I have decided not to pick on Big Law today for a change. Let’s talk about smaller firms with entrepreneurial founders instead.
Sometimes lawyers call me and tell me about how they feel about their law firms. They don’t call me if they are happy. They call me when they want out. Out of the firm, out of their practice area, out of private practice, out of the practice of law altogether. Out of something.
I have heard a good number of tales of woe. One interesting theme is around the flaws of law firm founders. Serious flaws. The type of flaws that drive good people to head for the exits. I have termed this Founder Deficiency Syndrome. It sort of has a nice ring to it, don’t you think?
During my career, I worked with many entrepreneurs and I had the opportunity to observe a fundamental issue that is common to entrepreneurial business. Simply put, the skill set that it takes to start a business is rarely the same as that which is required to take the business to the next level. Unfortunately, business owners frequently fail to recognize this issue or to develop strategies to address it.
As lawyers are not famous for their management skills, this problem is rampant in law firms.
I first observed this problem in my own firm. A brilliant entrepreneur started the firm and quickly grew it from a handful of lawyers to quite a successful medium-sized firm. He managed everything, pretty much himself. Then it stalled. He could not fix it. It made money, but not nearly enough. He got out and went into the private sector.

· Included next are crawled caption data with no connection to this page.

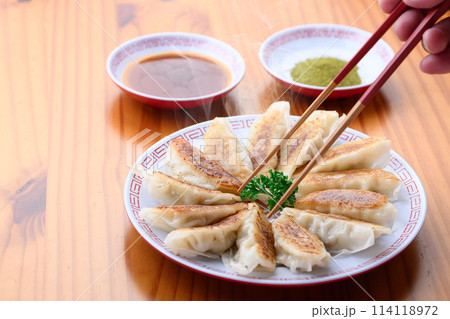 中華料理　餃子 114118972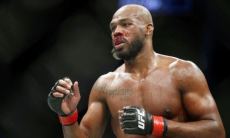 Легендарный Джон Джонс вернулся и быстро завоевал титул чемпиона UFC. Видео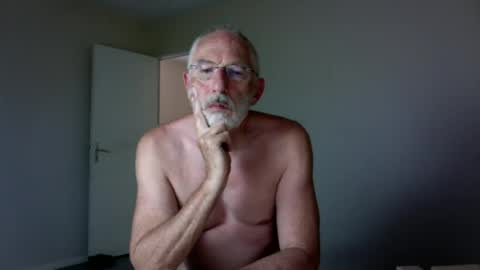 Snapshot of taliesin4321 chatting on 07/11/26, 12:19 Jack Pierrot online show from 07/11/26, 12:19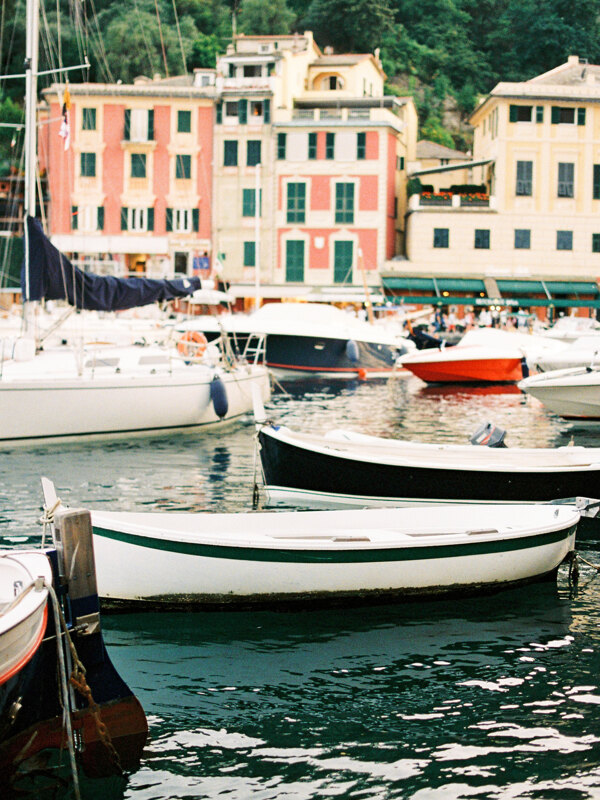 Wedding photography portfolio in Italy: Small pier in Portofino, with boats and yachts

The next generation of partners, which included me, were technically minded folks without a single entrepreneurial bone in their collective bodies. However, they knew what they did not know and hired experts to help them. The retired managing partner of an office of a national accounting firm came on as a part-time CFO and brought order to the financial structure. A great marketing consultant (@nevillepockroy) taught us about branding. A phenomenal general manager with expertise in human resources professionalized the hiring and compensation structures as well as a myriad of other processes. The firm blossomed. Not because the partners were more capable than the founding partner. Paradoxically, they did better because they were less capable. Doubting themselves and not having the founder’s ego, they reached out for help from experts. They spent money to listen to other people’s advice, something that founders seem to abhor doing.
More recently, I have seen this same problem being presented by various young lawyers with whom I have been speaking. The founders of their firms are super-capable. They have built firms out of nothing. Unfortunately, they subscribe to the ancient code of business founders that goes something like this, “We are smarter than everyone else. To do a job well we have to do it ourselves. We must be in control at all times. Soft skills are nice but not necessary. Our business defines us.”

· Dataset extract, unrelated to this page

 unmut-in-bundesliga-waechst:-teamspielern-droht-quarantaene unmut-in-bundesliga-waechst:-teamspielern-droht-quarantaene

As subscribers to this ancient code of entrepreneurs, law firm founders often do the following:
1. They hold onto the key management roles. Or all of the management roles.

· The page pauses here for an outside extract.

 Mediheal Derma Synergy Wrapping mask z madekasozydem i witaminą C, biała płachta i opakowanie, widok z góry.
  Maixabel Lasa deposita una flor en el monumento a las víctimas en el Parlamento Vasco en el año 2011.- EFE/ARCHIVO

2. They often say “We are too small or not profitable enough to hire: [fill in the blank: a COO, CFO, Marketing Consultant, Knowledge Management Lawyer, Human Resources Consultant, Digital Marketing Expert, Marketing Coordinator]. It makes sense to them that they should spend three hundred hours a year on management, losing $600.00 an hour of billings ($180,000) rather than spending $100,000 to hire a more qualified person to manage the firm. They convince themselves that management is something that they do in their spare time so it does not cost anything.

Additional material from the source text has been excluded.